→ Available data
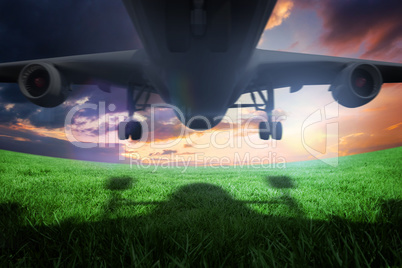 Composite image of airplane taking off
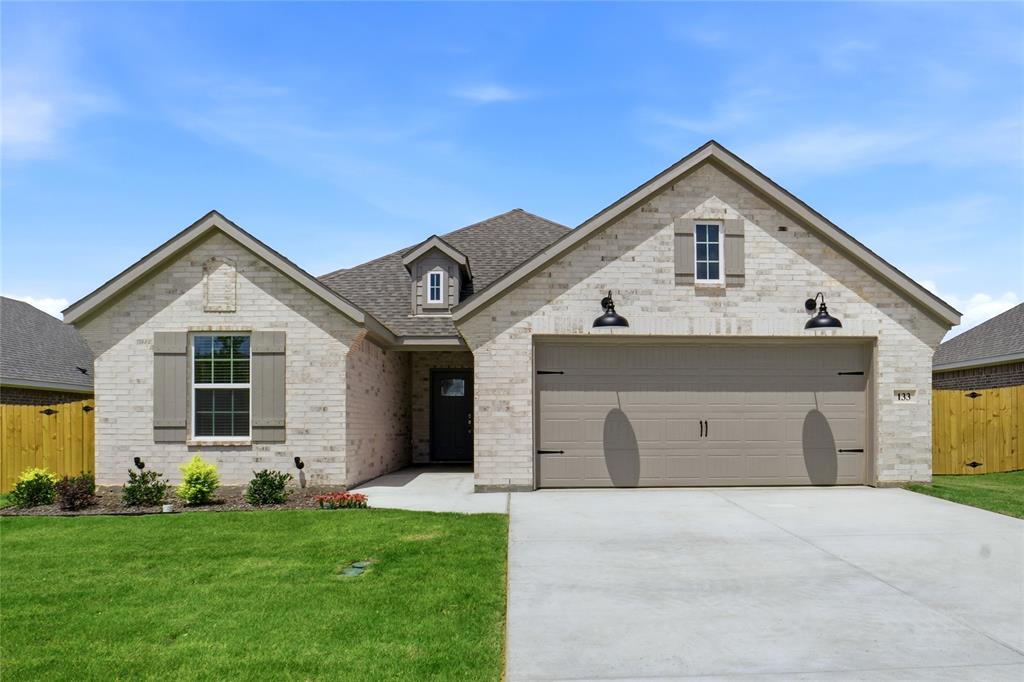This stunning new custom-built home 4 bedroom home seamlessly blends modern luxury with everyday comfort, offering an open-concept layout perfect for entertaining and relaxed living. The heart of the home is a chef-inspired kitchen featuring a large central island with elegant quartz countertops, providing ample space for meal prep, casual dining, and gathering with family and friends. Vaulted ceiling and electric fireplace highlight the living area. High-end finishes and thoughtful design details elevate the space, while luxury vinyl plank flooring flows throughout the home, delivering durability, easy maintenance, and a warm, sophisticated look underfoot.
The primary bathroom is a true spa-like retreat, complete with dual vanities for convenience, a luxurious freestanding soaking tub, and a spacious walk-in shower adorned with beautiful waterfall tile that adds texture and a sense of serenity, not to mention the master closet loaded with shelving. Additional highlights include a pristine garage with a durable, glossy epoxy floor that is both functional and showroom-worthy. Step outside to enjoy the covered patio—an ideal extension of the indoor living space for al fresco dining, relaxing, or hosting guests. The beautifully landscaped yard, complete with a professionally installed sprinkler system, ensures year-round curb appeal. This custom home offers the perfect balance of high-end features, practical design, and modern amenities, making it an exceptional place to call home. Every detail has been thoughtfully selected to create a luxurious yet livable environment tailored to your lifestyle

→ Task item
All of the material should be written out again exactly, apart from the pictures.

→ Exercise result
 Composite image of airplane taking off
This stunning new custom-built home 4 bedroom home seamlessly blends modern luxury with everyday comfort, offering an open-concept layout perfect for entertaining and relaxed living. The heart of the home is a chef-inspired kitchen featuring a large central island with elegant quartz countertops, providing ample space for meal prep, casual dining, and gathering with family and friends. Vaulted ceiling and electric fireplace highlight the living area. High-end finishes and thoughtful design details elevate the space, while luxury vinyl plank flooring flows throughout the home, delivering durability, easy maintenance, and a warm, sophisticated look underfoot.
The primary bathroom is a true spa-like retreat, complete with dual vanities for convenience, a luxurious freestanding soaking tub, and a spacious walk-in shower adorned with beautiful waterfall tile that adds texture and a sense of serenity, not to mention the master closet loaded with shelving. Additional highlights include a pristine garage with a durable, glossy epoxy floor that is both functional and showroom-worthy. Step outside to enjoy the covered patio—an ideal extension of the indoor living space for al fresco dining, relaxing, or hosting guests. The beautifully landscaped yard, complete with a professionally installed sprinkler system, ensures year-round curb appeal. This custom home offers the perfect balance of high-end features, practical design, and modern amenities, making it an exceptional place to call home. Every detail has been thoughtfully selected to create a luxurious yet livable environment tailored to your lifestyle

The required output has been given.